Лиля помотала головой, не понимая, за что он просит прощения. Всё наконец-то сбылось, они вместе, и впереди будут ещё встречи, будет переписка…

– Прости меня, слышишь? – повторил он, но до пребывающих в ином пространстве докричаться не так-то легко…

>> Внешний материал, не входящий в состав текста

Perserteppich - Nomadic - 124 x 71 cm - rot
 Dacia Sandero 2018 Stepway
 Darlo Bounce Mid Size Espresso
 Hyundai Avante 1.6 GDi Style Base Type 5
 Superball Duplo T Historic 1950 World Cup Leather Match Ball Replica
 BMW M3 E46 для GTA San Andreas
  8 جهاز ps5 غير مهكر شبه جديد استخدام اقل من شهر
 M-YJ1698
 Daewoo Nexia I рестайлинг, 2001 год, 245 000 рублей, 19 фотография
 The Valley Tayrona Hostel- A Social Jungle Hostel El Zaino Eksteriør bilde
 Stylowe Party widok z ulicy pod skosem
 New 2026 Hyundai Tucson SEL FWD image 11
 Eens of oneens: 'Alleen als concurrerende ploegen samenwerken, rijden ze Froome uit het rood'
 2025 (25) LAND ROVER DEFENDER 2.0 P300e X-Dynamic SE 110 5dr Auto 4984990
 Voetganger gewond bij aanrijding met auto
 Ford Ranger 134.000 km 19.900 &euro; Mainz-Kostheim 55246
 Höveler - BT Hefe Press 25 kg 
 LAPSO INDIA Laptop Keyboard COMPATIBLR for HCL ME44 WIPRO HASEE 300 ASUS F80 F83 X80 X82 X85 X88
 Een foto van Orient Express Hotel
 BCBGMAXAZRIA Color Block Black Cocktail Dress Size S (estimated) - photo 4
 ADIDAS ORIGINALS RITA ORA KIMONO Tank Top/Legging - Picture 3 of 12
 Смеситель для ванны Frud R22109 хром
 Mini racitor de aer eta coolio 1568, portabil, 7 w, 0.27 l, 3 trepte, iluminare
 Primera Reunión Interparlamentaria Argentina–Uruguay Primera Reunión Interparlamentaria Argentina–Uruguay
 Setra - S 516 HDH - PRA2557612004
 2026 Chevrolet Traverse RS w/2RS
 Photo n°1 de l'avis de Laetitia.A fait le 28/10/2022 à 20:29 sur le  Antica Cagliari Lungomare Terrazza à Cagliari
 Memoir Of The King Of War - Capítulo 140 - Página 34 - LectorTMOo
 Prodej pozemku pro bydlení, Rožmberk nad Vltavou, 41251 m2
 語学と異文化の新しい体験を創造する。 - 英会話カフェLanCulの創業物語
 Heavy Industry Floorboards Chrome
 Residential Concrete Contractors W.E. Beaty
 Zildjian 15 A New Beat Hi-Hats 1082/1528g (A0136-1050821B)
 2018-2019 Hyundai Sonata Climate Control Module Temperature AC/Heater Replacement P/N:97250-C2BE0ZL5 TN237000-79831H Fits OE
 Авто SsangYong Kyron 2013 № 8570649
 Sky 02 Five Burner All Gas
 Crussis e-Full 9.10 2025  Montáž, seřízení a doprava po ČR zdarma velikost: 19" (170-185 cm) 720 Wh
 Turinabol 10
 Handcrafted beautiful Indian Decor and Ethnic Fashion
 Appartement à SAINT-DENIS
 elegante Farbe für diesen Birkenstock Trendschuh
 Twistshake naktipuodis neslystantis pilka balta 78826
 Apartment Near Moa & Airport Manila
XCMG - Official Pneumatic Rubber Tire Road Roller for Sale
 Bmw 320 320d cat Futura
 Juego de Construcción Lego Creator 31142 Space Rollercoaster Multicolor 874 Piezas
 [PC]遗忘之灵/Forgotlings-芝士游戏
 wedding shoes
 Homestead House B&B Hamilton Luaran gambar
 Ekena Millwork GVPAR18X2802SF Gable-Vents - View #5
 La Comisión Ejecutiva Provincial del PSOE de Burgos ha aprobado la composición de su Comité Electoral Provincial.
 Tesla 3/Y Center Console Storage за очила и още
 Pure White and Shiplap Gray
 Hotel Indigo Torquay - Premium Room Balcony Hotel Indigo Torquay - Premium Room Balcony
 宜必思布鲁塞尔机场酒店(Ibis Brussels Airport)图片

…Она проводила такси взглядом из окна. Легла на диван. Пребывающим в ином пространстве не так-то легко возвращаться на Землю. Чудовищные перегрузки. Блаженство, сменяющееся отчаяньем. Опьянение – мучительным похмельем… Конечно же, ничего не будет: ни встреч, ни переписки. И не надо, чтобы было. Раньше только у неё имелся корабль, которым нельзя рисковать. Теперь и у него есть тоже есть такой корабль.

Как же она не поняла сразу, что это конец, а не начало?


До самого вечера Лиля перебирала жемчужинки.

…Вот Кротов нерешительно мнётся на пороге, напуганный её враждебностью…

…А вот они уже пьют вместе чай в подсобке музея, переоборудованной в маленькую, уютную кухню. Там даже холодильник есть.

– Конфет не осталось, да? – спрашивает она, заглядывая в пустую вазочку.

Кротов принимается искать для неё конфеты, открывает холодильник, она фыркает.

– А что? – невозмутимо поворачивается он к ней. – У меня дома конфеты в холодильнике лежат…

… Вот она спотыкается на лестнице. Кротов подаёт ей руку. Она кладёт пальцы на его горячую ладонь, он легонько сжимает их и смотрит на неё, ждёт ответного взгляда…

…Вот она заходит в кабинет географии, чтобы отдать Ярославу тетрадь, выкраденную накануне из школьного рюкзака. Кротов стоит около учительского стола. Она небрежно кивает ему, демонстрируя всем своим видом: «Даже и не надейся, ты мне нисколько не интересен!»

…А вот уже он холодно кивает ей в магазине и равнодушно проходит мимо с банкой кофе в руках…

…Вот он вскидывает на неё полный боли взгляд… А потом другой взгляд, от которого она вдруг обретает способность ходить по воздуху…

… И вот он снова на пороге её квартиры, целует, шепчет «прости», подбирает упавший портфель… Говорит, что ему пора, но почему-то не уходит, как будто ждёт, чтобы она разрешила. И она отпускает, даже подталкивает:

– Иди…


Пиликнул телефон. Пришло сообщение. Сердце затрепыхалось, как пойманная бабочка в ладонях. «Сиди тихо! – мысленно прикрикнула на него Лиля. – Это не он!»

Это действительно был не он.

«Мы едем домой. Что-нибудь надо в магазине?» – спрашивал Кирилл.

Лиля заставила себя подняться. Умылась. Открыла окна: казалось, в квартире до сих пор пахнет Кротовым, и сыновья с мужем почувствуют это.

Полистала подаренную книгу в глупой надежде, что Кротов оставил там для неё записку, ничего не нашла. Прижалась губами к прохладному глянцу обложки, постояла так какое-то время, потом втиснула книгу в строй других книг на полке, чтобы не бросалась в глаза.

Силы иссякли. Лиля хотела дойти до холодильника и проверить, есть в морозилке пельмени, но не смогла. Снова легла на диван, будто на плот, дрейфующий в открытом море.

Ничего, она знала, что не погибнет. Продержаться осталось совсем чуть-чуть. Скоро придёт спасительный корабль с голодными рыбаками, и её поднимут на борт.